- [Try it] Repeat, exactly as they appear, the lines from the one with "בגנים - סינון אוויר לממד בגנים" through the last line of the entries below, but none of the pictures.

- [Input data]
※ ※ ※

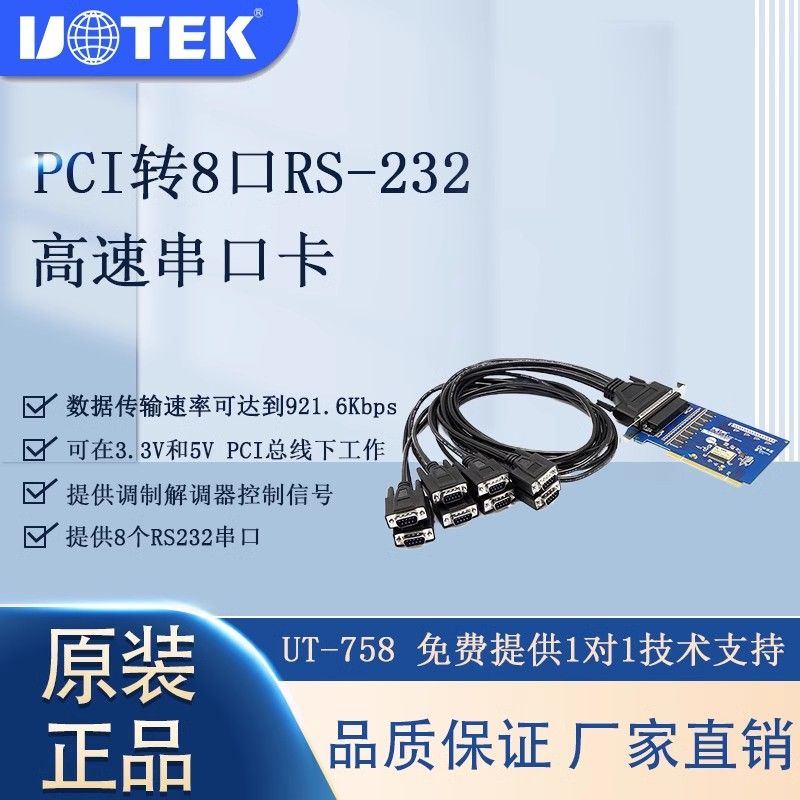 宇泰PCI转8口RS232串口卡9针com口电脑串口扩展卡工业级UT-758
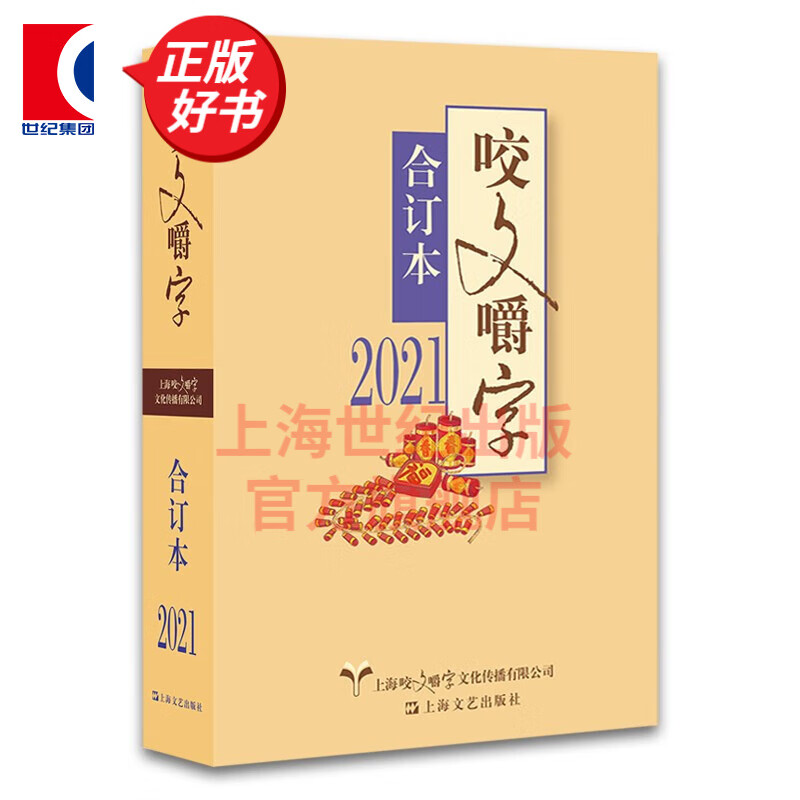 【可选】咬文嚼字合订本 上海文艺出版社 2021合订本 平装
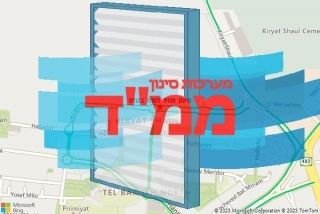  בגנים - סינון אוויר לממד בגנים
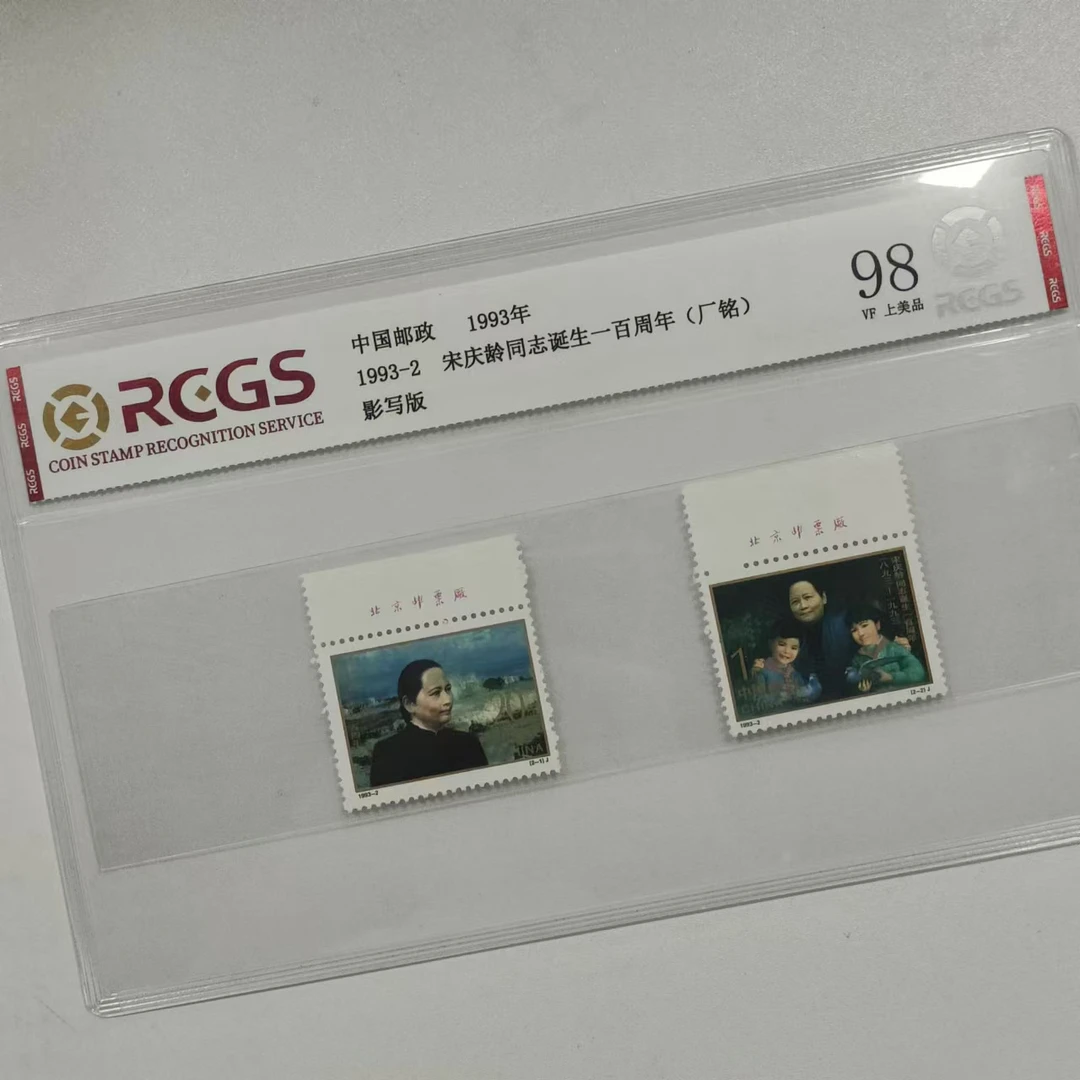 1993年宋庆龄同志诞生一百周年2枚套票（带厂铭）中钱国信评级片装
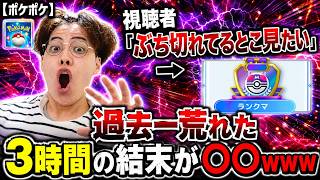 【ポケポケ】理不尽すぎてブチギレ大放出www 下振れ地獄の果てに…まさかの〇〇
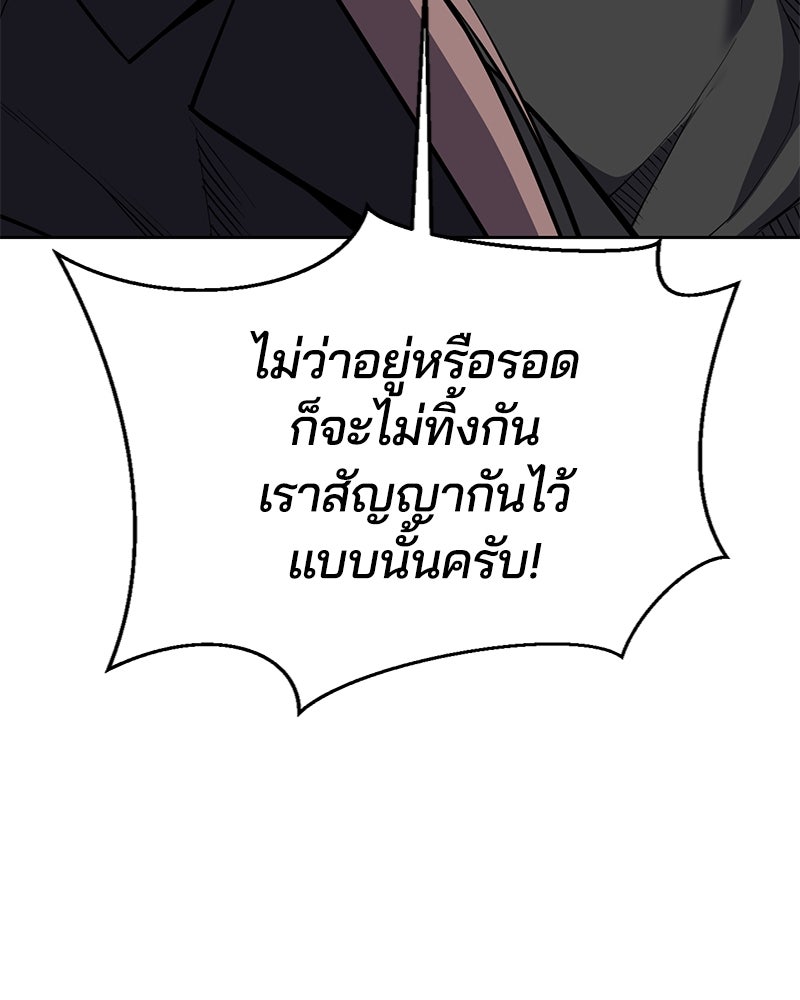 ตั๋วโกงชีวิต - หน้า 232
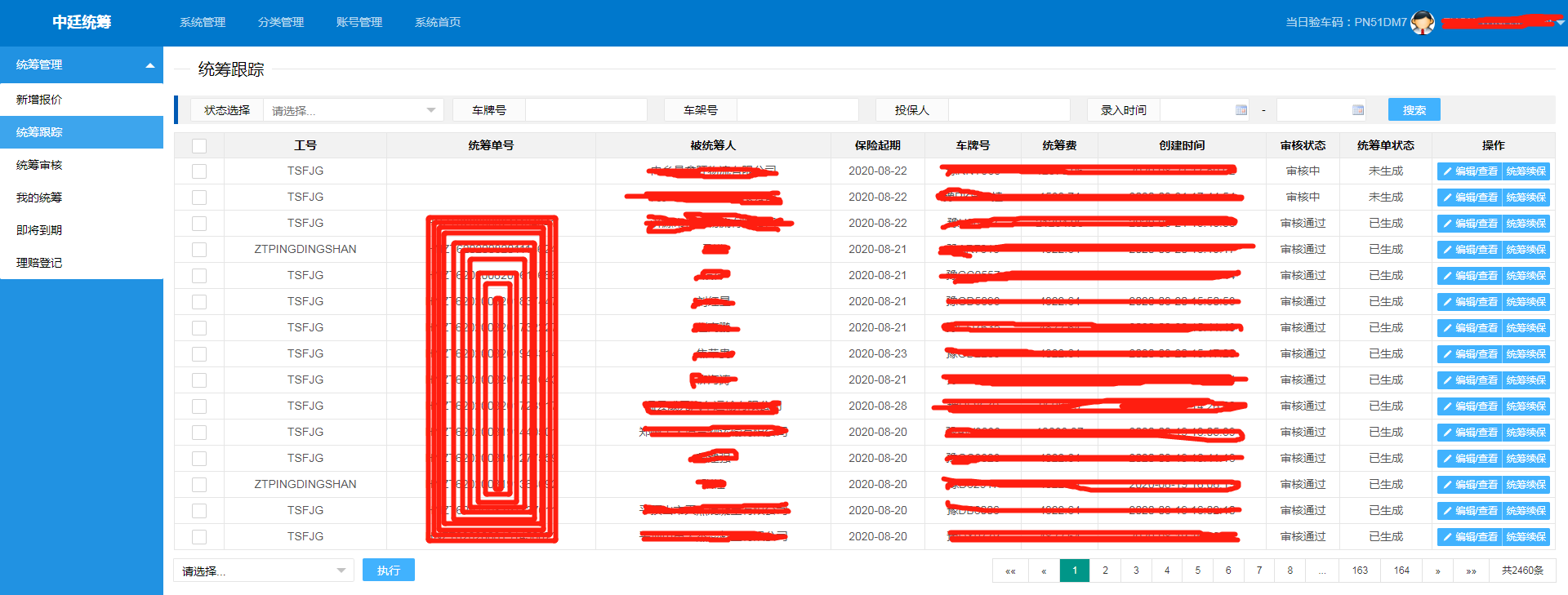 车险系统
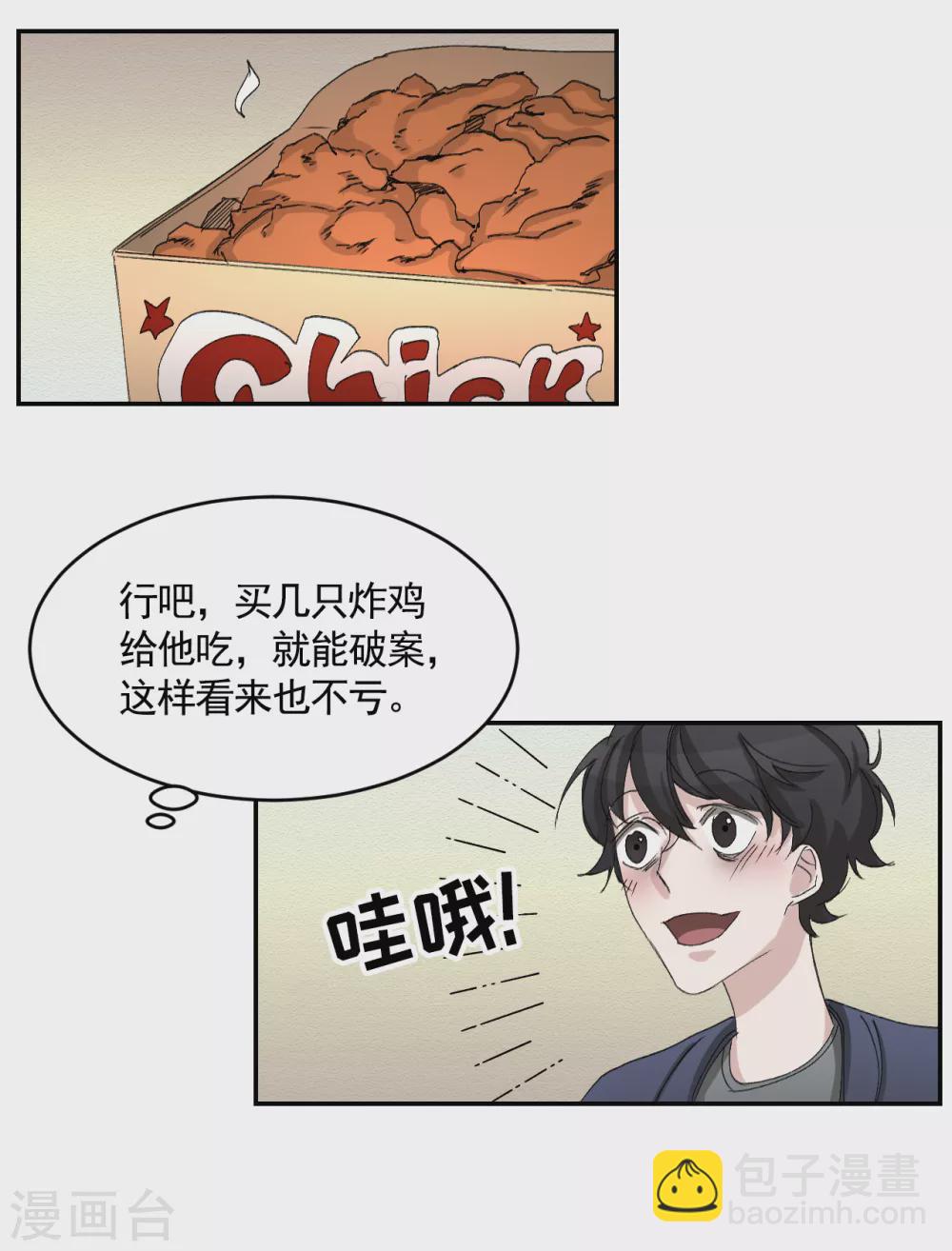 第21话 不良少年的根据地失火-第21话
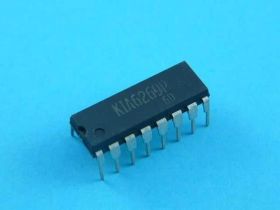 KIA-6269 DIP-16 UKŁAD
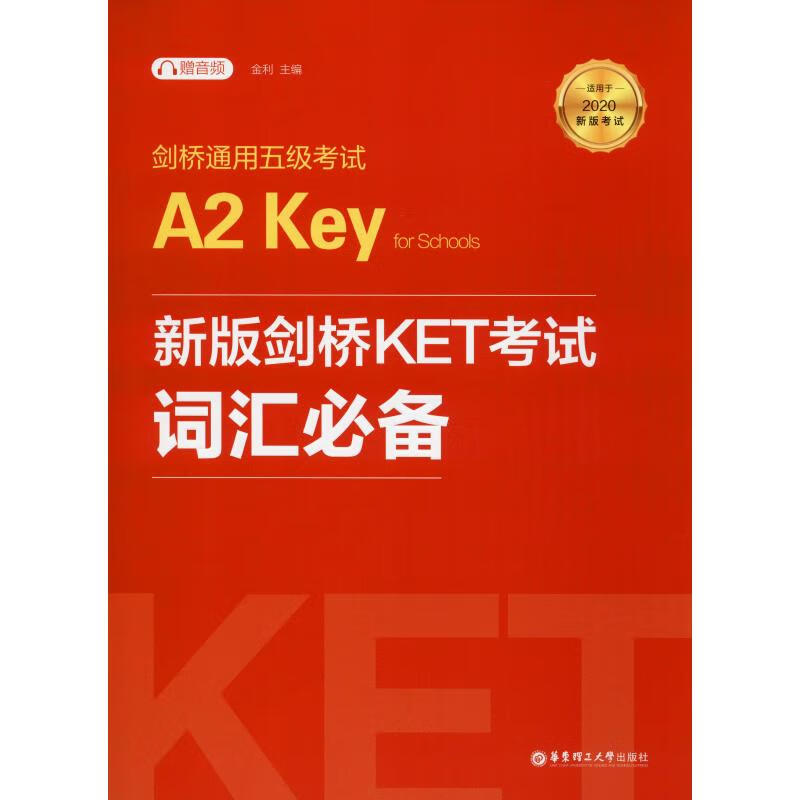劍橋通用五級考試A2 Key for Schools新版劍橋KET考試詞彙必備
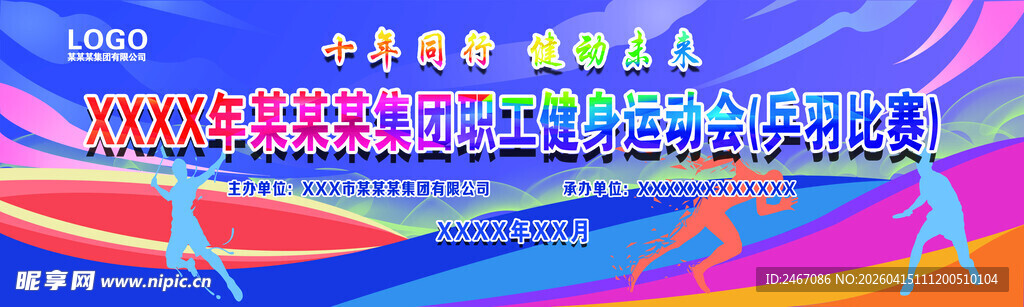 健身运动会乒乓羽毛球比赛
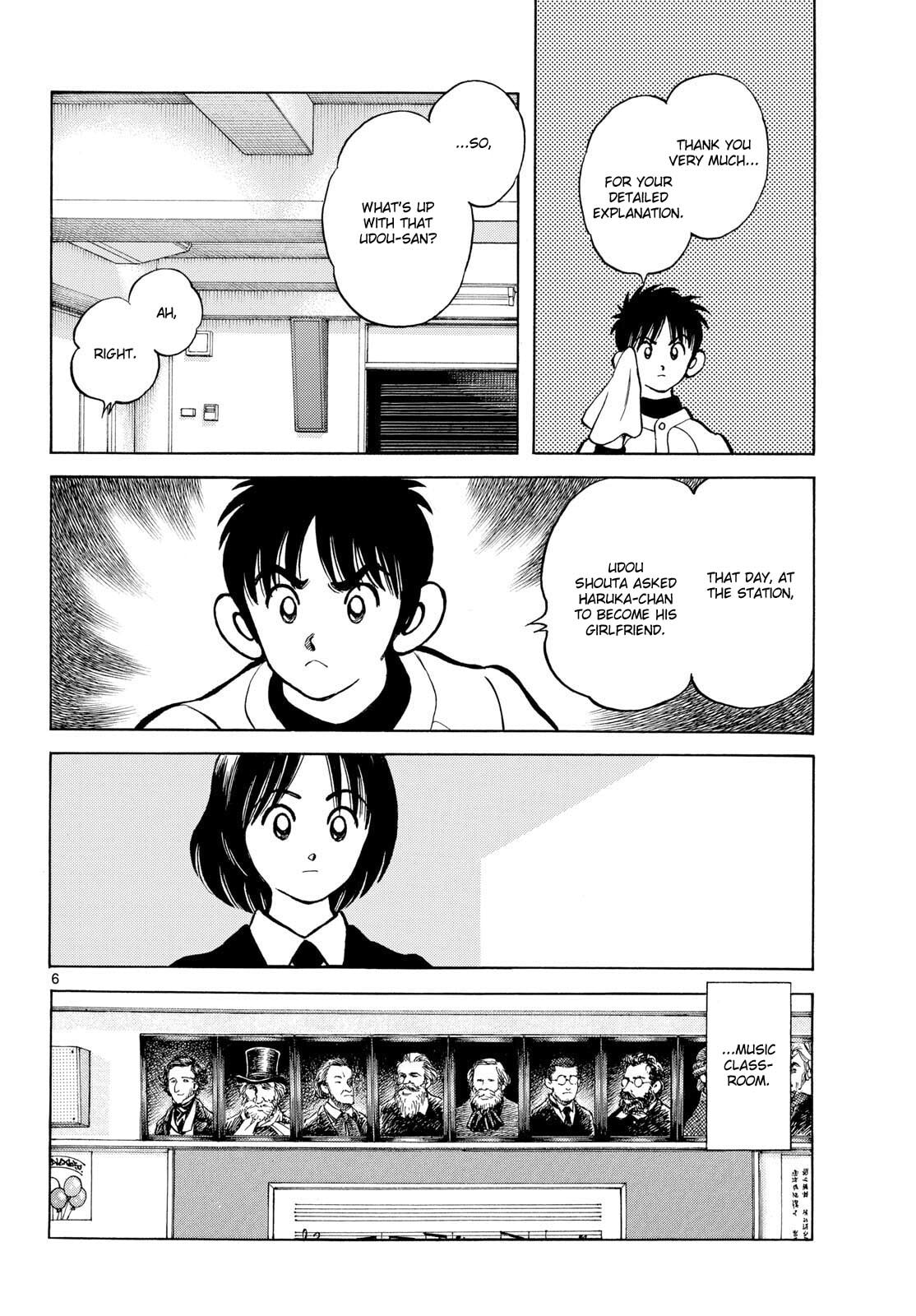 Read MIX chapter 158 image 5 on Lezhin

※ ※ ※

- [Answer section]
  בגנים - סינון אוויר לממד בגנים
 1993年宋庆龄同志诞生一百周年2枚套票（带厂铭）中钱国信评级片装
 【ポケポケ】理不尽すぎてブチギレ大放出www 下振れ地獄の果てに…まさかの〇〇
 ตั๋วโกงชีวิต - หน้า 232
 车险系统
 第21话 不良少年的根据地失火-第21话
 KIA-6269 DIP-16 UKŁAD
劍橋通用五級考試A2 Key for Schools新版劍橋KET考試詞彙必備
 健身运动会乒乓羽毛球比赛
 Read MIX chapter 158 image 5 on Lezhin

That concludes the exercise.